Physical characteristics
- • location: Ivel Springs, Baldock.
- • coordinates: 51°59′35″N 0°11′31″W﻿ / ﻿51.99310°N 0.19194°W
- • elevation: 57 metres (187 ft)
- Mouth: River Great Ouse
- • location: Tempsford, Bedfordshire
- • coordinates: 52°10′04″N 0°18′14″W﻿ / ﻿52.16767°N 0.30384°W
- • elevation: 16 metres (52 ft)
- Length: 21 mi (34 km)

Basin features
- Progression: River Ivel → Great Ouse → North Sea
- • left: Pix brook, River Hiz, Henlow Brook and Ickwell Brook.
- • right: Potton Brook and Cat Ditch.

= River Ivel =

River in Hertfordshire and Bedfordshire, England

The River Ivel (/ˈaɪvəl/) is a chalk stream in England.

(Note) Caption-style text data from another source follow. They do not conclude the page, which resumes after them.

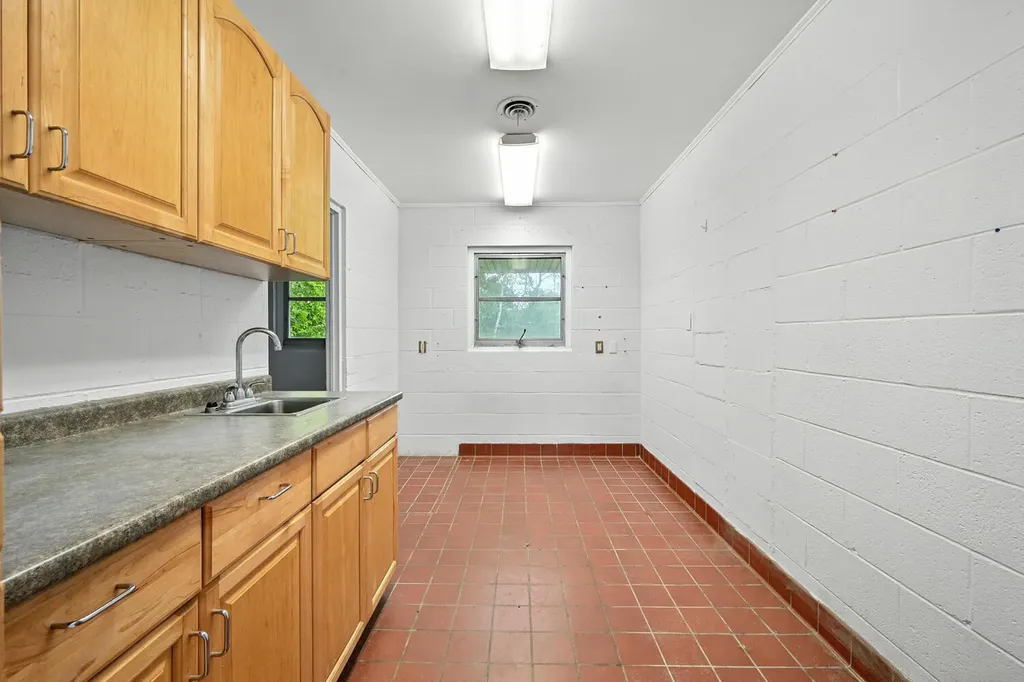 10 Pethaven Lane Augusta ME 04330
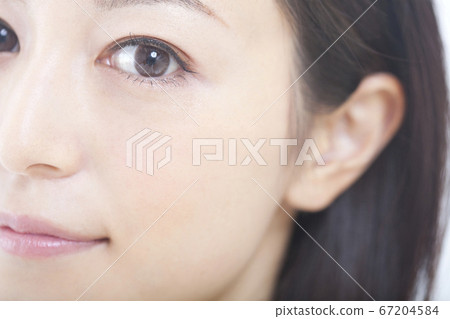 女性的臉 67204584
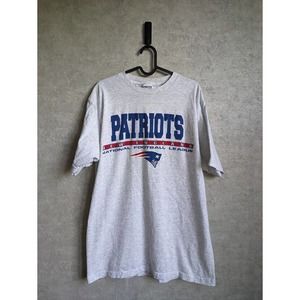 Vintage 1990’s New England Patriots NFL Football Grey T-Shirt Size Large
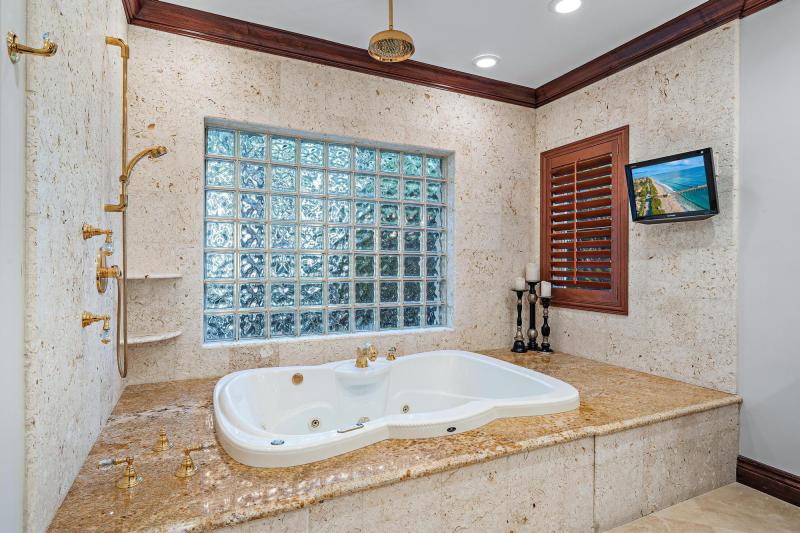  Single Family Homes Photo 52:  Jupiter,  FL 33469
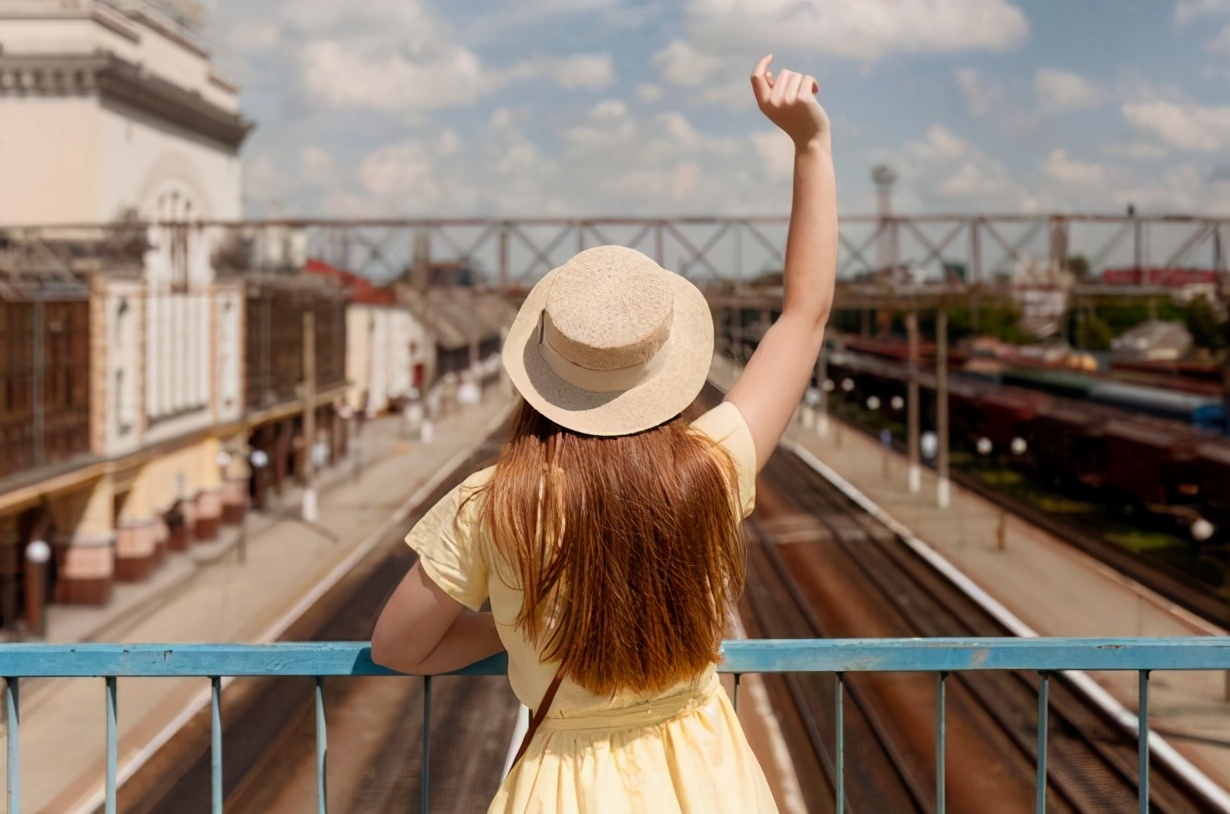 舍不得你女生完整版的,舍不得你女生版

It rises at Ivel Springs in Baldock, it flows primarily through Bedfordshire before joining the River Great Ouse at its confluence near Tempsford. The river has a length of 21 mi. The River Ivel catchment is bounded by the Chiltern Hills to the south and the Greensand Ridge to the north. The River Ivel and the River Flit and other tributaries rise from the springs in the Chiltern Chalk.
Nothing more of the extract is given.